Hi Carlos,
we encountered the same issue after introducing nic-bonding on the
management net which changed the MAC.
The msid includes the MAC of the interface which has the service_ip
bound to. If that MAC changes, your management node encounters an
identity crisis ;)
We solved that, by updating the msid field in the cloud.mshost table.
The msid is the decimal representation of the MAC. So, in our case
57177340185274 (dec) = 3400a30d0aba (hex) (34:00:a3:0d:0a:ba)
This currently shows:
mysql> select * from mshost where id=1 \G
*************************** 1. row ***************************
id: 1
msid: 57177340185274 <-------------------
runid: 1474366224657
name: acs-management-1
state: Up
version: 4.9.0
service_ip: 10.97.13.1
service_port: 9090
last_update: 2016-10-07 07:43:59
removed: NULL
alert_count: 0
1 row in set (0.00 sec)
# ip addr show dev bond0
4: bond0: <BROADCAST,MULTICAST,MASTER,UP,LOWER_UP> mtu 1500 qdisc
noqueue state UP group default qlen 1000
link/ether 34:00:a3:0d:0a:ba brd ff:ff:ff:ff:ff:ff
inet 10.97.13.1/22 brd 10.97.15.255 scope global bond0
valid_lft forever preferred_lft forever
Another way to solve this issue could be changing the MAC of the
management interface to a known (and fixed) value. E.g. by using
ethtool.
If you know the removed hardware is no longer used in the same network
segment, and you do know the previos MAC, you could change your network
configuration by setting the MAC on the new hardware to the previously
one.
To be safe from further changes, we did this additionally by using the
hwaddress keyword in /etc/network/interfaces. This is the debian/ubuntu
way.
auto bond0
iface bond0 inet static
address 10.97.13.1
netmask 255.255.252.0
gateway 10.97.12.1
dns-nameservers XXXXXXXXXXXXXXXX
dns-search XXXXXXXXXXXXXXXXXXXXXXX
hwaddress 34:00:a3:0d:0a:ba
bond-slaves eth0 eth1
bond-mode 4
bond-lacp-rate 1
bond-miimon 100
bond-updelay 200
bond-downdelay 200
Hope this helps!
cheers,
- Stephan
Am Donnerstag, den 06.10.2016, 23:41 -0700 schrieb Carlos Reátegui:
> Hi,
> I have had this issue a few times now with my management server. I
> have had a couple unfortunate hw issues that have caused the machine
> to crash (have replaced motherboard, backplane and network cards….

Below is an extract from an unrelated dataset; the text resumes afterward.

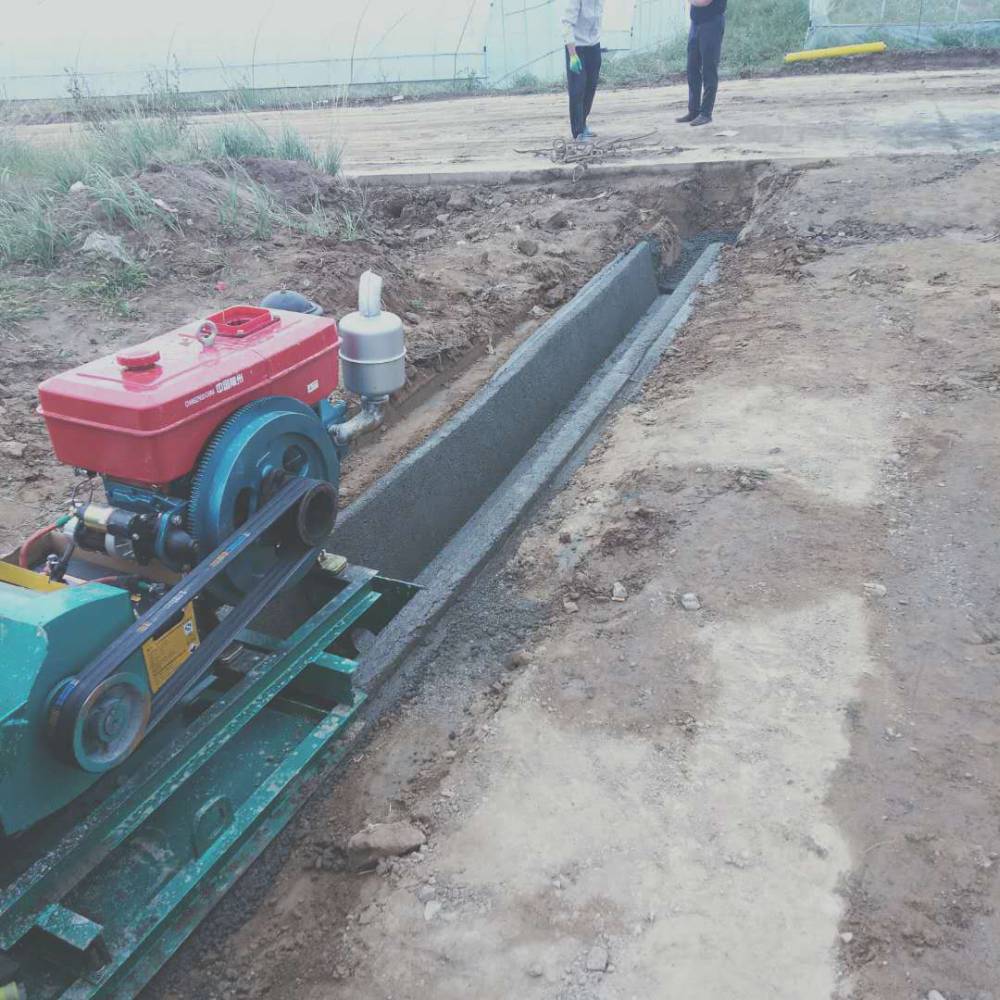 工程机械设备挖掘机挖水渠水渠成型机修渠好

> don’t ask). Upon restoring the machine there is a new entry in the
> mshost table. However the host table mgmt_server_id still references
> the old mshost.msid and therefore my management server is unable to
> “manage” the hosts.
>
> The only way to fix this is to :
> update host set mgmt_server_id=<new msid> where mgmt_server_id=<old
> msid>;
>
> Anyone else run across this? Is there a proper way to restore a
> management server? How does the management server decide it is a new
> mshost and create a new entry in the mshost table?
>
> Currently my mshost table has 5 entries and they all claim to be in
> the “Up” state even though there is only 1 management server. One of
> the entries is for the original 4.5.1 install. The other 4 are for
> the current 4.5.2.1 upgrade. They all have the same IP address.
>
> thanks,
> Carlos